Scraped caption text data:
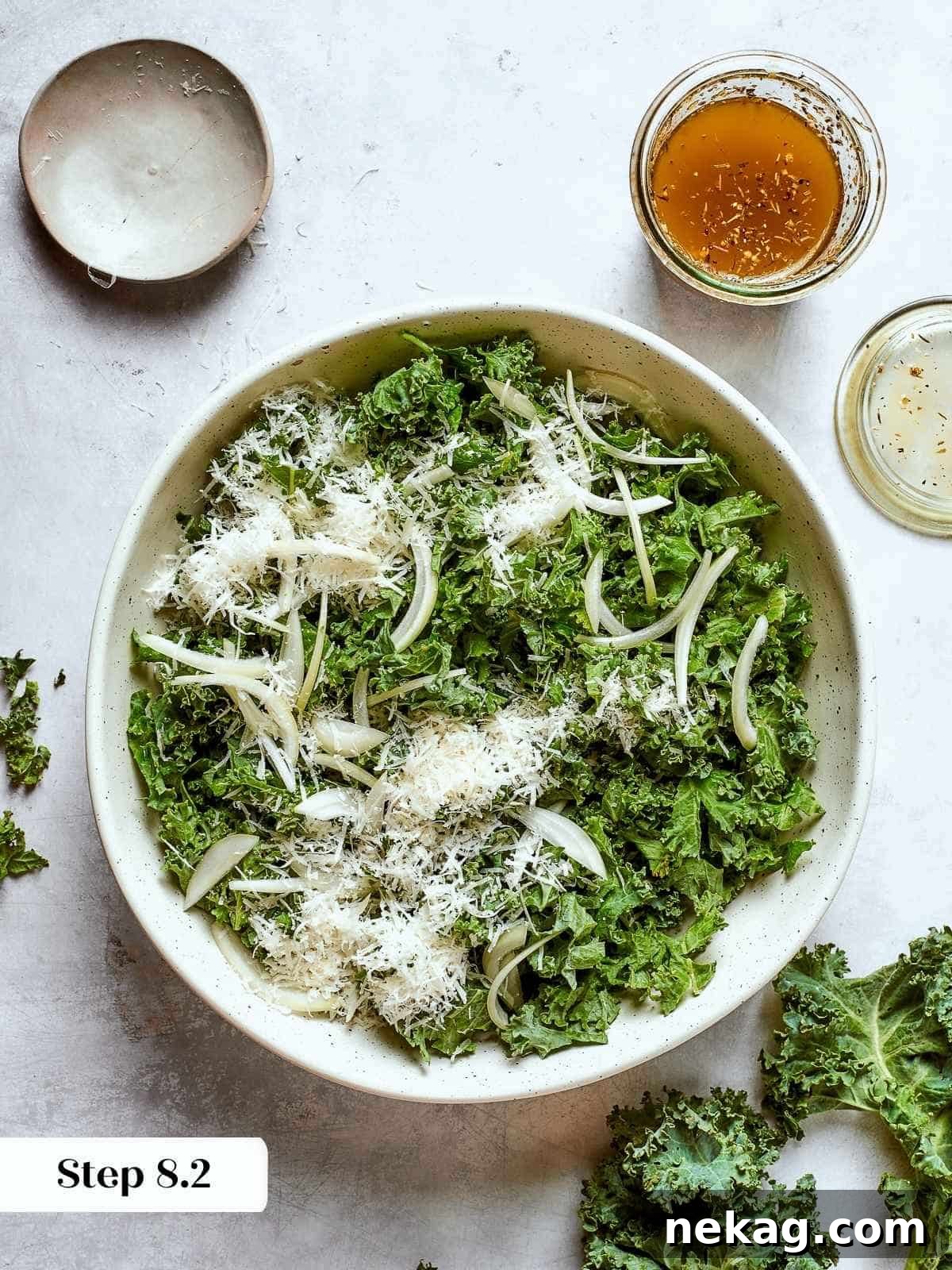 Fresh parmesan cheese added to Tuscan kale salad for a salty, rich finishing flavor.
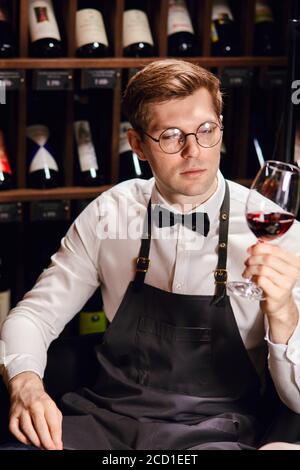 Bartender or male cavist standing near the shelves of wine bottles holds a glass of wine, looks at tint and smells flavor of wine in glass. Stock Photo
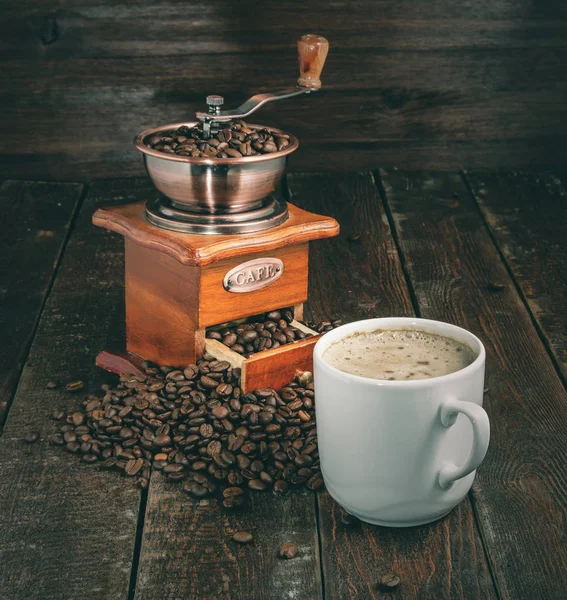Moinho de café e xícara com grãos no fundo escuro. Estilo retrô — Fotografia de Stock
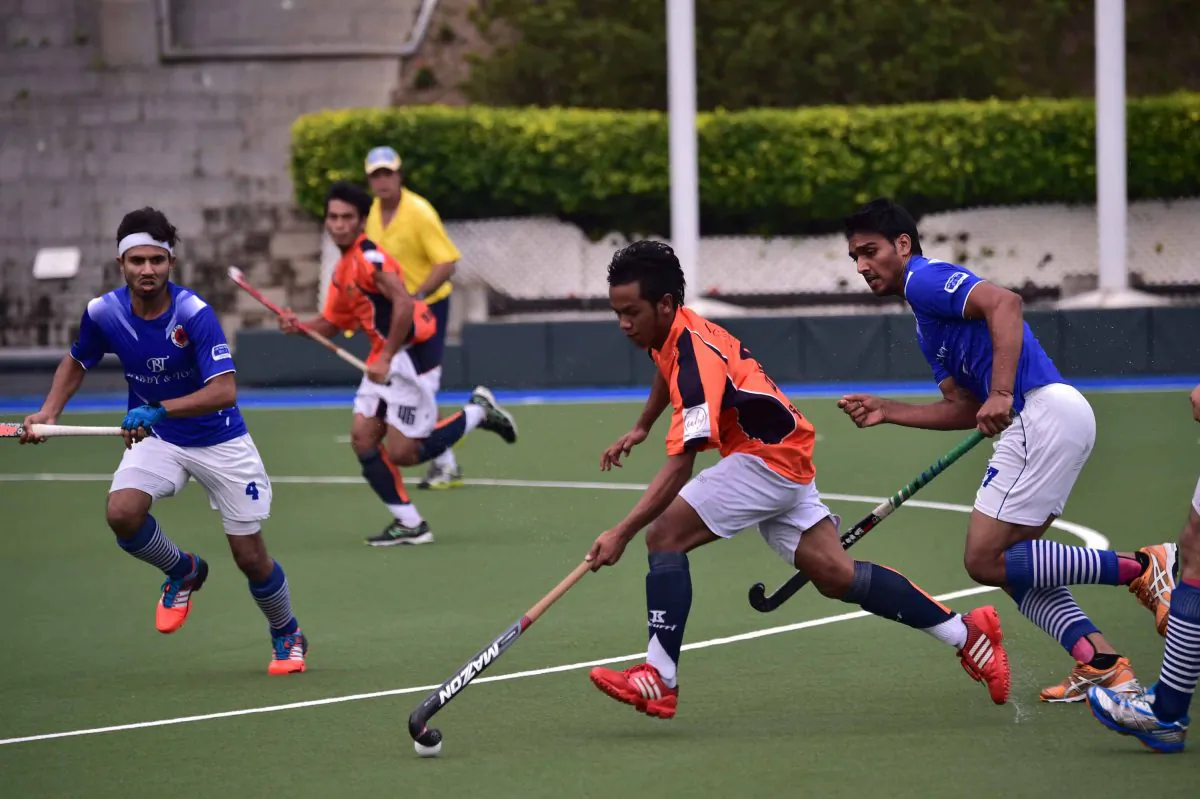 Fast action and an electric atmosphere throughout the game added to the pleasure for spectators at the HKHA Premier Division match between Punjab-A and SSSC-A at King’s Park on Saturday Oct 26, 2014. (Bill Cox/Epoch Times)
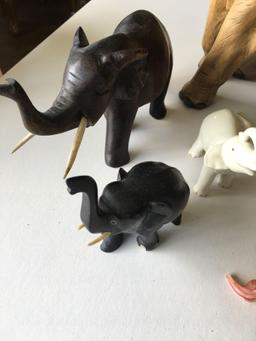 10 assorted elephant figurines. Wood, 1) Lenox porcelain 1) made in Italy broken tusk, etc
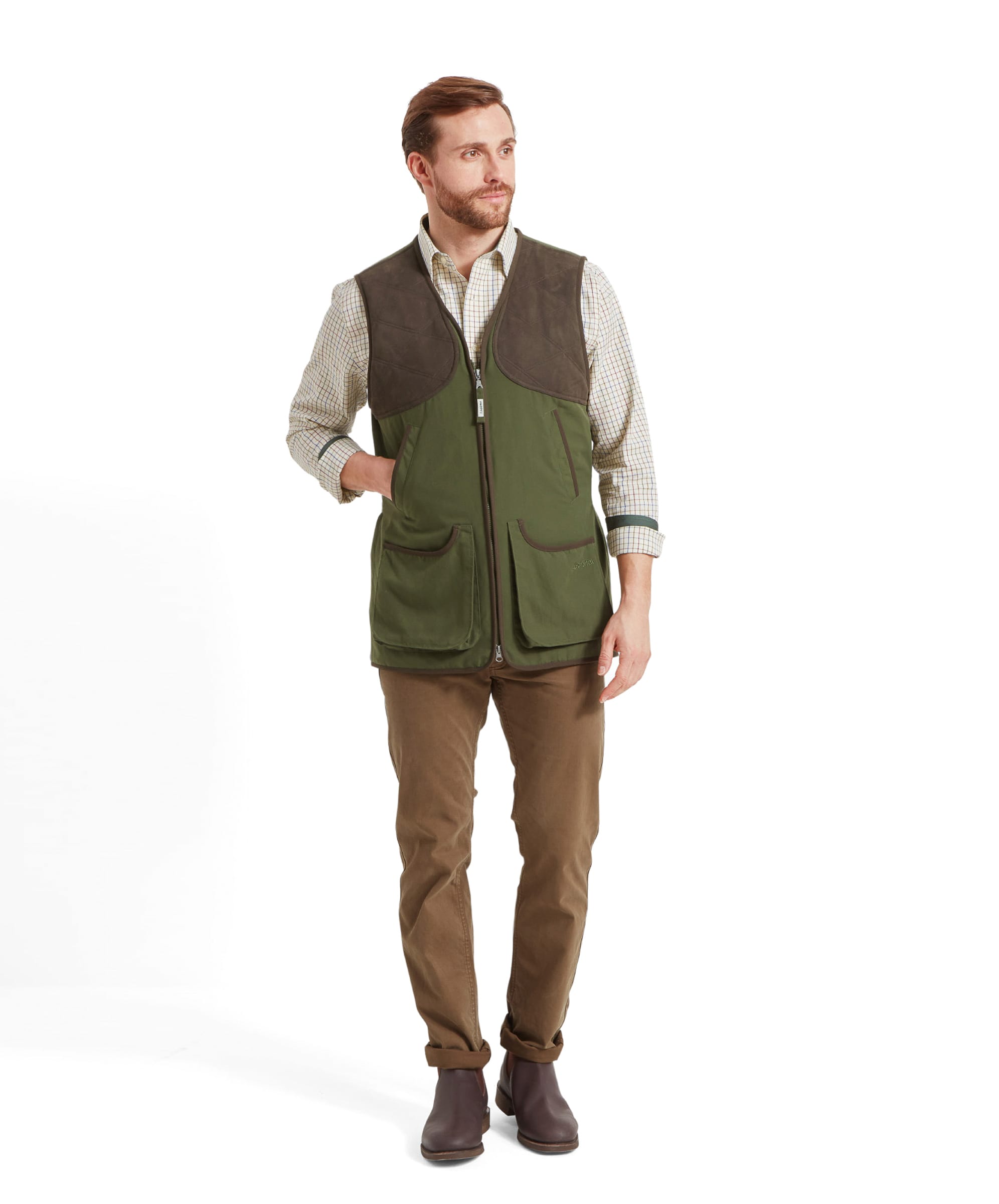 Another full body shot of a man walking casually with his hand in the handwarmer pocket of the Schöffel Stamford Vest II for Men in Green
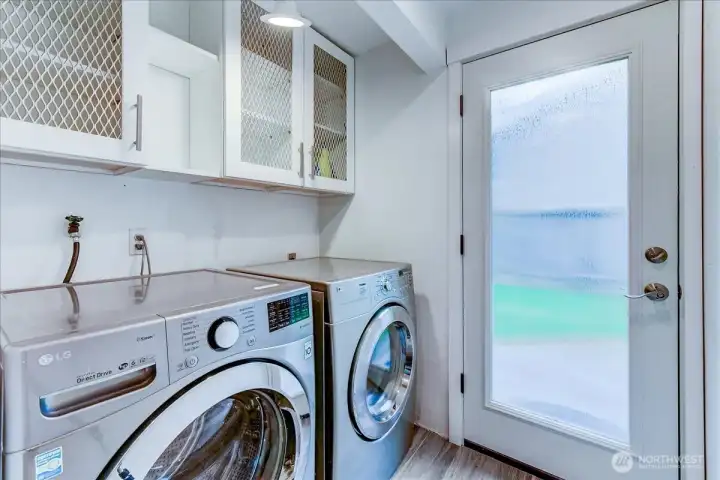 Laundry and mud room area featuring convenient storage and utility space.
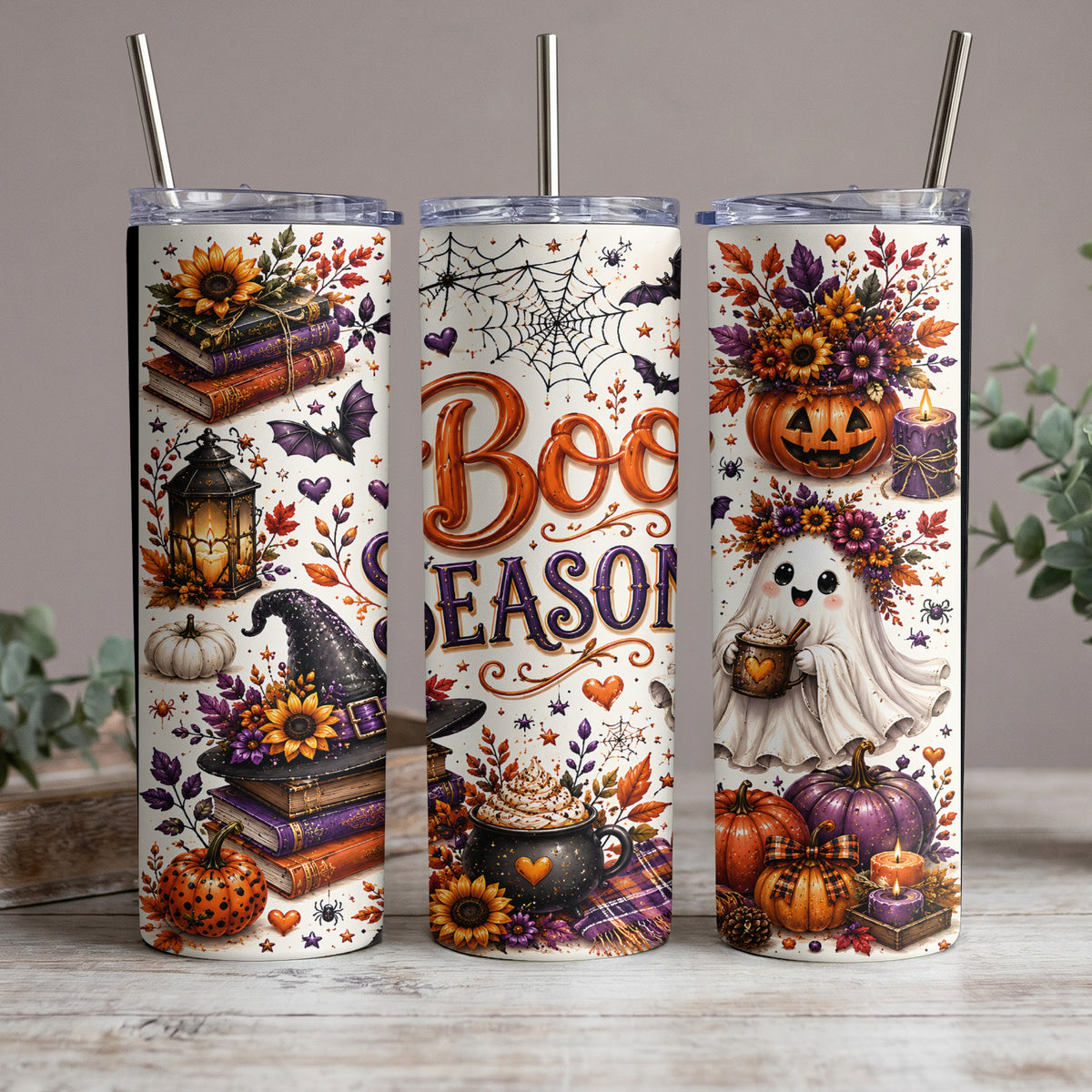 Three Halloween-themed tumblers with ghosts, pumpkins, books, and the text "Boo Season".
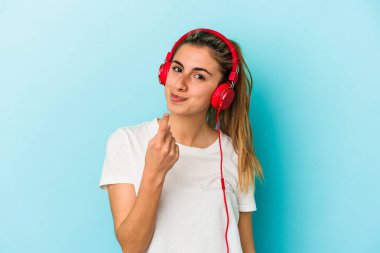 Genç sarışın kadın kulaklıkla müzik dinliyor. Mavi arka planda izole edilmiş. Seni işaret ediyor..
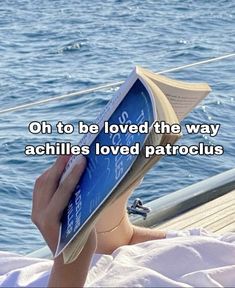 a person reading a book on top of a boat in the ocean with text that reads oh to be loved the way achilles loved patroclus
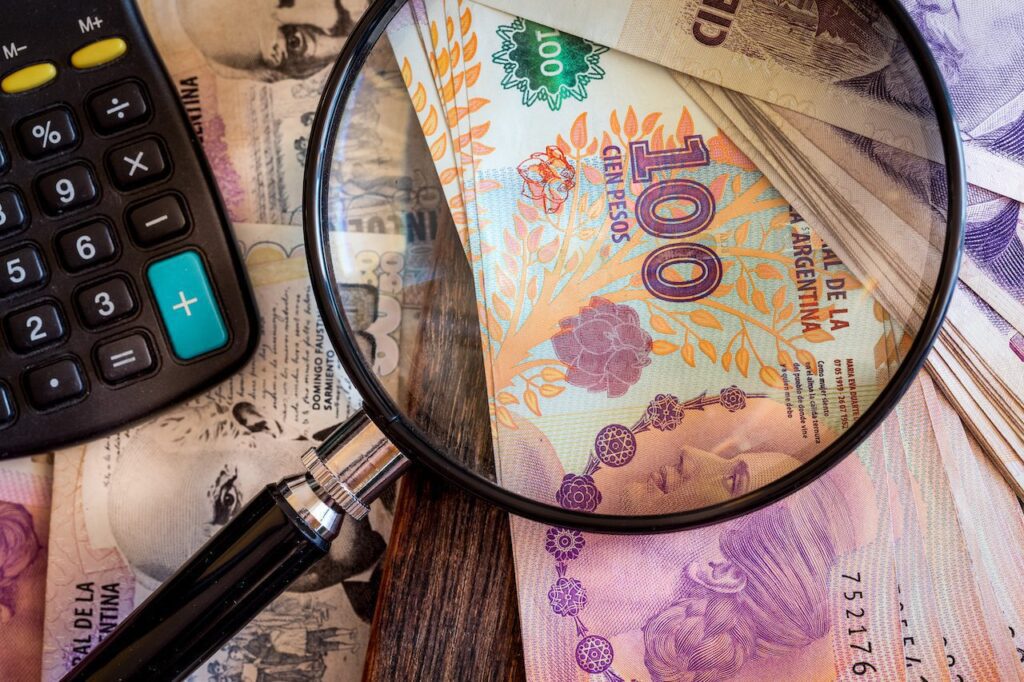 Magnifying glass resting on top of a small stack of Argentinian pesos.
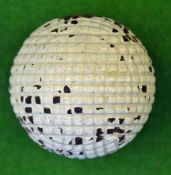 Unnamed line mesh guttie golf ball – retaining most of the original white finish - area to one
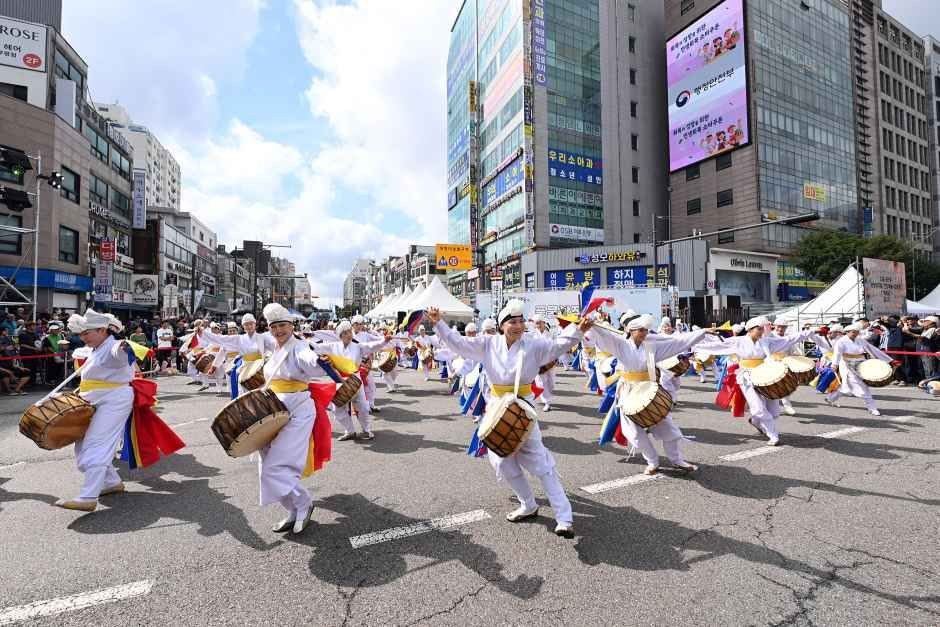 도심 도로에서 흰 한복을 입은 풍물패가 북과 장구를 치며 행진하는 부평풍물대축제 거리 행렬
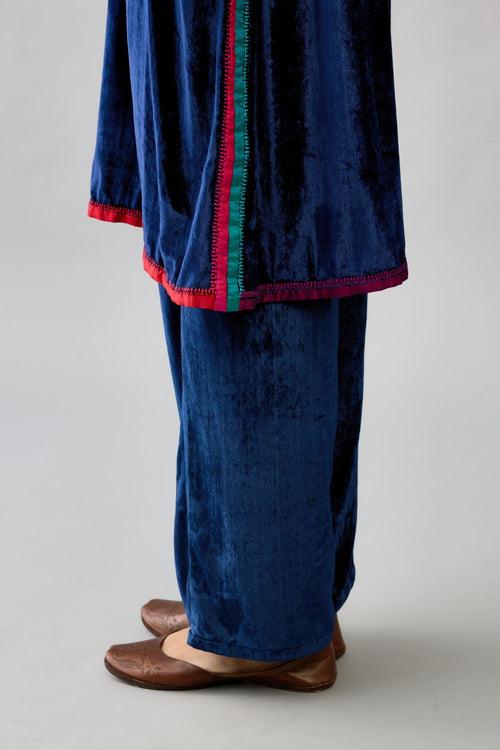 Blue silk velvet short A-line kurta set with multi colored silk facing and embroidery.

> _WHAT THE EXERCISE ASKS_
Whenever a picture appears, leave it out, and return every record exactly.

> _RESPONSE AREA_
 Fresh parmesan cheese added to Tuscan kale salad for a salty, rich finishing flavor.
 Bartender or male cavist standing near the shelves of wine bottles holds a glass of wine, looks at tint and smells flavor of wine in glass. Stock Photo
Moinho de café e xícara com grãos no fundo escuro. Estilo retrô — Fotografia de Stock
 Fast action and an electric atmosphere throughout the game added to the pleasure for spectators at the HKHA Premier Division match between Punjab-A and SSSC-A at King’s Park on Saturday Oct 26, 2014. (Bill Cox/Epoch Times)
 10 assorted elephant figurines. Wood, 1) Lenox porcelain 1) made in Italy broken tusk, etc
 Another full body shot of a man walking casually with his hand in the handwarmer pocket of the Schöffel Stamford Vest II for Men in Green
 Laundry and mud room area featuring convenient storage and utility space.
 Three Halloween-themed tumblers with ghosts, pumpkins, books, and the text "Boo Season".
 Genç sarışın kadın kulaklıkla müzik dinliyor. Mavi arka planda izole edilmiş. Seni işaret ediyor..
 a person reading a book on top of a boat in the ocean with text that reads oh to be loved the way achilles loved patroclus
 Magnifying glass resting on top of a small stack of Argentinian pesos.
 Unnamed line mesh guttie golf ball – retaining most of the original white finish - area to one
 도심 도로에서 흰 한복을 입은 풍물패가 북과 장구를 치며 행진하는 부평풍물대축제 거리 행렬
 Blue silk velvet short A-line kurta set with multi colored silk facing and embroidery.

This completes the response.